Na década de 1960, em segundo lugar, uma canção de Dylan,  "Subterranean Homesick Blues", quando ela diz: "Não é preciso um meteorologista para dizer de que lado sopra o vento..." (You  don't need a Weatherman to Know which way the wind blows...) inspirou um movimento da juventude norte-americana que se propunha a destruir a sociedade pela violência. O movimento surgiu como a facção militante dos 40 mil estudantes da Studentes Democratic Society (SDS). No Congresso nacional do SDS em Chicago (1969) essa facção tornou-se dominante e conseguiu expulsar os marxistas não-violentos. Adotaram uma política de violência imediata com o nome Weathermen e foram os autores de bombas atiradas em bancos, tribunais, universidades etc.

Análises importantes, todavia provisórias, têm sido feitas a respeito, no caso dos Estados Unidos. O primeiro talvez a chamar a atenção, naquele momento, tenha sido o escritor Gore Vidal, talvez melhor que os autores de Banhos de Sangue (Bains de sang constructifs dans le sang et la propagande, 1973) ainda que estes tenham demonstrado até que ponto o governo dos Estados Unidos anteriormente tenham se envolvido em crimes praticados na Guerra do Vietnã.  Vidal divulgou em El País (Madri) parte do conteúdo das cartas-correspondências que mantinha com o terrorista norte-americano Timothy, pouco antes da violência letal atribuída ao Estado. Dizia ele,- contra o terror de Estado, - que melhor teria ocorrido ao terrorista explodir bombas para efeito simbólico de destruição de prédios, sem vítimas, p. ex., o próprio Pentágono.

No que se refere especificamente ao confronto contra os afegãos e a utilização de imagens, como sabemos, o Corão proíbe a reprodução de figuras humanas e sagradas. Para os fundamentalistas, a interdição, feita há 1.300 anos, vale para fotos e imagens transmitidas pela TV. Porque querem preservar, a todo custo, o que construíram: as regras e normas do islamismo professado por Maomé.

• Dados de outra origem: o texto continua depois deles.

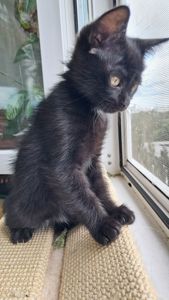 Чёрная девочка котёнок 2 месяца от папы прямоухого шотландца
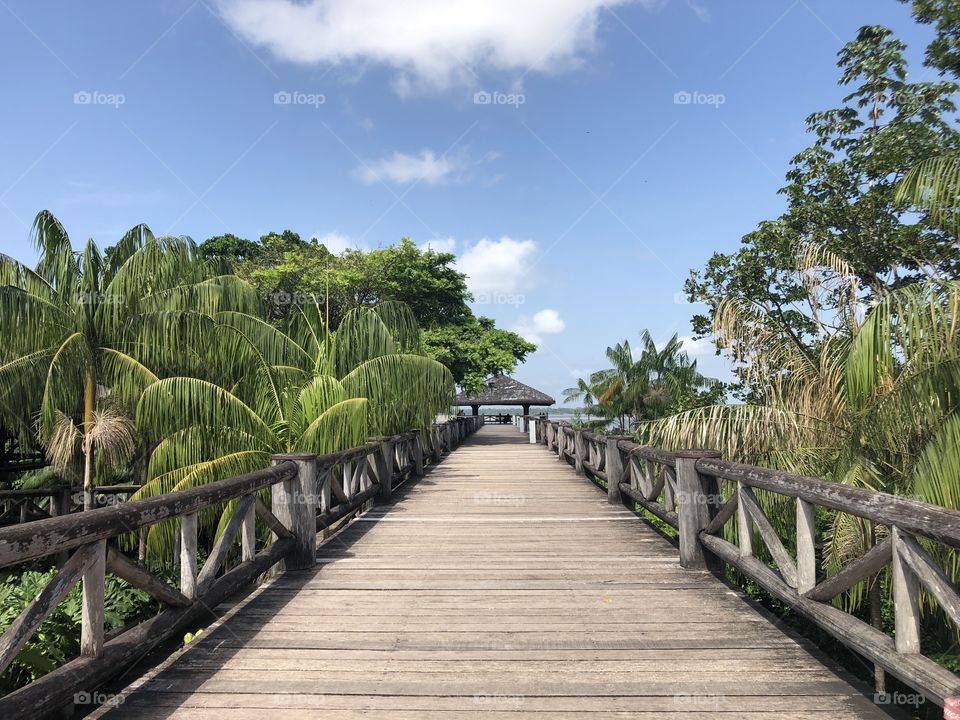 Pathway to the river in a wonderful tropical view in Belem do Para in Brazil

Embora o país tenha sido devastado nos últimos 200 anos por uma dezena de conflitos, três guerras contra a Inglaterra até sua independência em 1919, um golpe de estado que derrubou o rei em 1973, e ainda,  em 1979 a então URSS - União das Repúblicas Socialistas Soviéticas, devastou o país permanecendo em guerra por dez anos. Quando estes foram expulsos, assumiu o poder a milícia islâmica Taliban, que significa estudante, no dialeto pashto, a segunda língua da região. O grupo foi criado em 1994 por um movimento estudantil radical. O “império” americano realizou uma "guerra longa" contra o Afeganistão como anunciaram pela mídia. No caso do Iraque, nestes dias e em termos de submissão das vontades, a guerra foi considerada “rápida” na contabilidade americana porque culminou com a morte de dez mil militares, aproximadamente três mil civis e dezesseis jornalistas em pouco mais de vinte dias.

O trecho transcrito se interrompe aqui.